The honorary Robertson: Robin Williams – a financial analyst, not the other one – joined the voyage 12 months in. The deal was he would teach the children English and maths to pay his way, but Douglas says his role became even more vital. “When you’re on a raft in the Pacific it’s fantastic to have someone who can just talk. To hear that human noise. He kept everybody’s morale up with his chirpy chitchat.”
How long will it take to read: Six minutes.
Further reading: The rest of our How we survive series.
2. Shooting down some ‘nepo baby’ myths
Sirin Kale’s interview with the actor Zosia Mamet – who you may know from Girls, Mad Men or, umm, Madame Web – is a fairly standard celebrity profile until conversation turns to her family. Mamet’s mother (Lindsay Crouse) is an actor who dieted constantly as her daughter grew up. Mamet says that contributed to her own eating disorder, although she makes clear she does not blame her mother. And her father, the playwright David Mamet, told a book festival in April that Hollywood diversity targets are “fascist totalitarianism”.
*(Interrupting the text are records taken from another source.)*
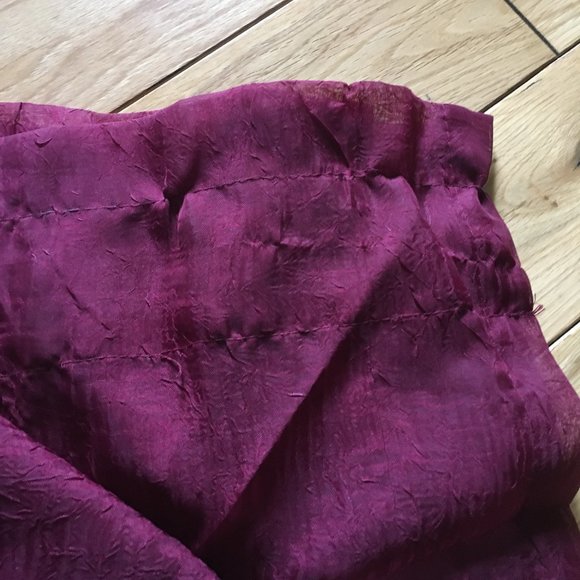 Six Shabby Chic Long Crushed Voile Curtain Panels - Picture 9 of 12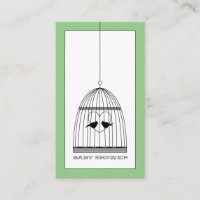 Vintag Heart Birdcage Baby Shooting Ticket Einladu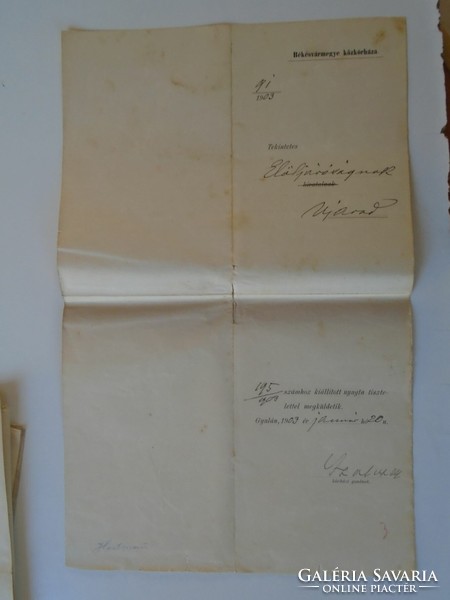 Za433.7 Official receipt Gyula - 154 kroner medical treatment - Békés county public hospital 1903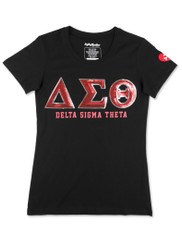 Delta Sigma Theta Sorority Short Sleeve Shirt- Sequin Patch-Black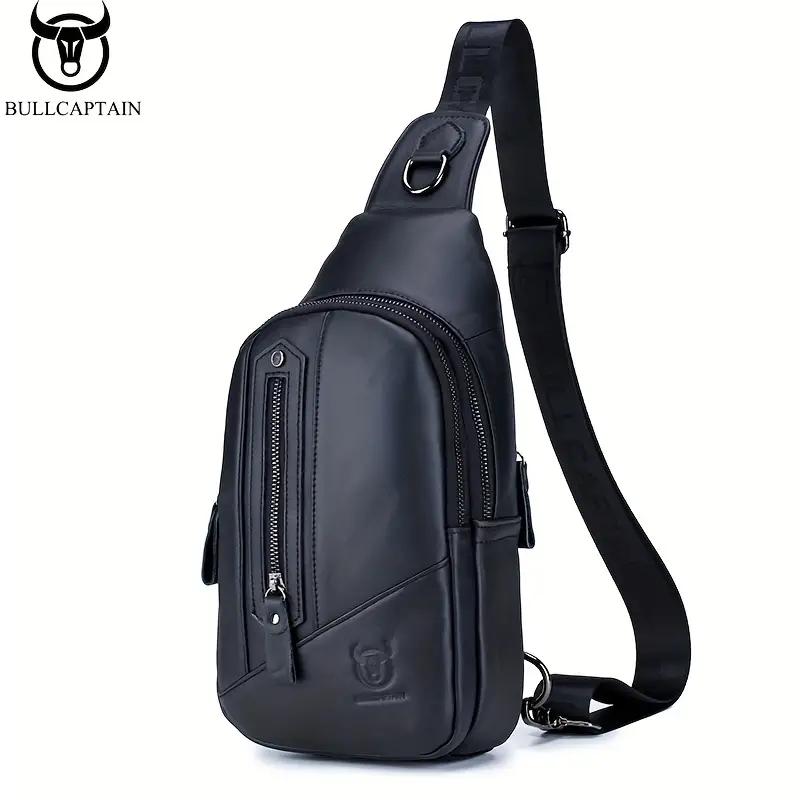 

BULLCAPTAIN нагрудная сумка из натуральной кожи, повседневная сумка на плечо большой вместимости, модная многофункциональная сумка-мессенджер, сумка для мобильного телефона чёрный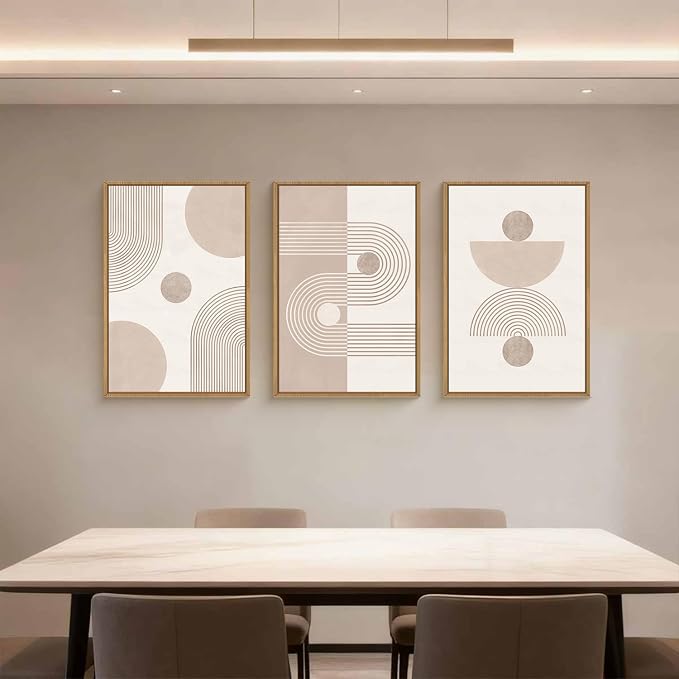 HPINUB Boho Abstract Framed Canvas Wall Art Set, Beige Mid Century Wall Decor, Neutral Geometric Minimalist Line Artwork for Living Room, Bedroom, Dining Room, Office, Bathroom - 24"x36"x3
Mamet argues that being a so-called “nepo baby” has at times made forging her own career more of a challenge. “Because people knew I was coming in with a famous name,” she says. “It meant that I was walking into the room with baggage.”
On why Madame Web was such a turkey: “Nothing creative made by committee is ever brilliant.”
How long will it take to read: Five minutes.
3. ‘My family were all Nazis – and they had no regrets’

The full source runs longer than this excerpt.